While our findings do not prove that ω-3 PUFAs are a therapy for RTT, they strongly suggest that these natural compounds, currently believed to be simple “dietary supplements,” could possess a pharmacologic action, at least as far as it concerns the examined pathology. At the same time, the partial clinical rescue here observed sheds further light into the current state of evidence on the mechanisms behind RTT and, in particular, on the biochemical events related to MeCP2 deficiency. In this regard, 7,8-dihydroxyflavone, a small polyphenolic molecule, has been recently reported to improve lifespan, and partially rescue motor deficits, and the breathing dysfunction in MeCP2 mutant mice (MeCP2tm1.1Jae) (Johnson et al. in press). Although the authors of the latter study hypothetically relate the observed beneficial effects to the brain-derived neurotrophic factor (BDNF) receptor (TrkB) agonist action of the molecule, it cannot be ruled out that part of the observed beneficial effects might be partially attributed to its well-known antioxidant activity (Chen et al. 2011). The likely relevance of the antioxidant activity of 7,8-dihydroxyflavone in determining symptomatic improvement in the RTT mouse model is further suggested by the striking similarity with the partial clinical rescue, mainly in the motor and respiratory functions, here observed following ω-3 PUFAs supplementation in RTT girls.
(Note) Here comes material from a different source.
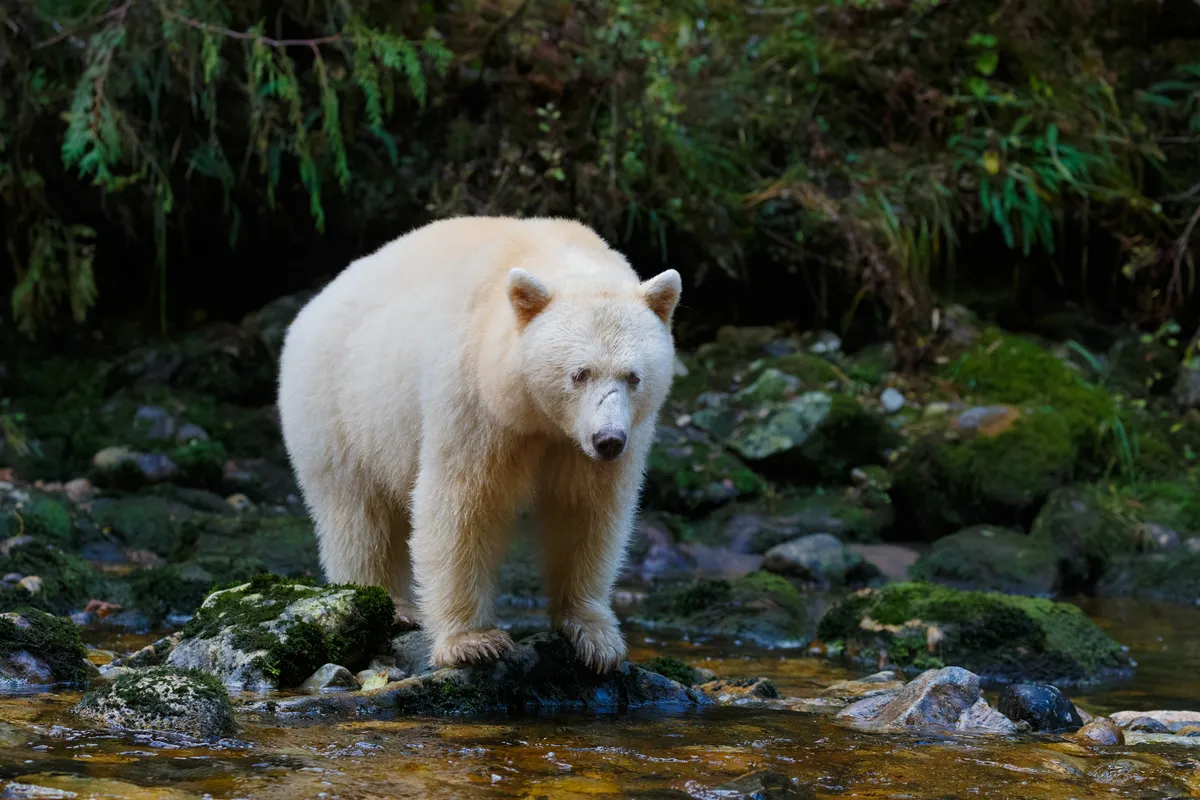Spirit bear aka kermode bear hunting for salmon in Canada's Great Bear Rainforest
Our different perspective on the 7,8-dihydroxyflavone beneficial effects would further reinforce the hypothesis that O.S. plays a key role in the intimate pathogenic mechanisms of this genetically determined condition and suggests that the modulation of the O.S. derangement in RTT by a dietary intervention might potentially hit several different molecular targets (i.e., either lipid peroxidation and hemoglobin auto-oxidation, or BDNF receptors), thus possibly modifying the natural progression of the disease.
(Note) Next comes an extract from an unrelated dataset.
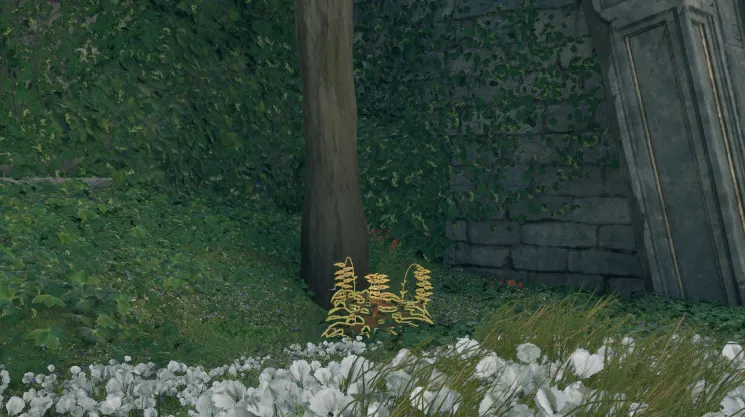 स्वर्गीय सीढ़ी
Of course, several outstanding open questions about ω-3 PUFAs use in RTT would remain, with a particular focus on the most proper dosage, treatment duration, chemical formulation (Anderson and Ma 2009), as well as a better understanding of their organ/cellular fate and a possible active role for their secondary metabolites (Arnold et al. 2010).

Although our results should be taken with caution, due to the intrinsic limitations of a small-sized pilot study on a genetic condition notoriously characterized by great clinical variability, the effects observed here for a short-lived randomized single-blind trial of a high dose of ω-3 PUFAs in early RTT, to date an incurable disease, appear to be unequivocal and could drive a better quality of life care for these patients.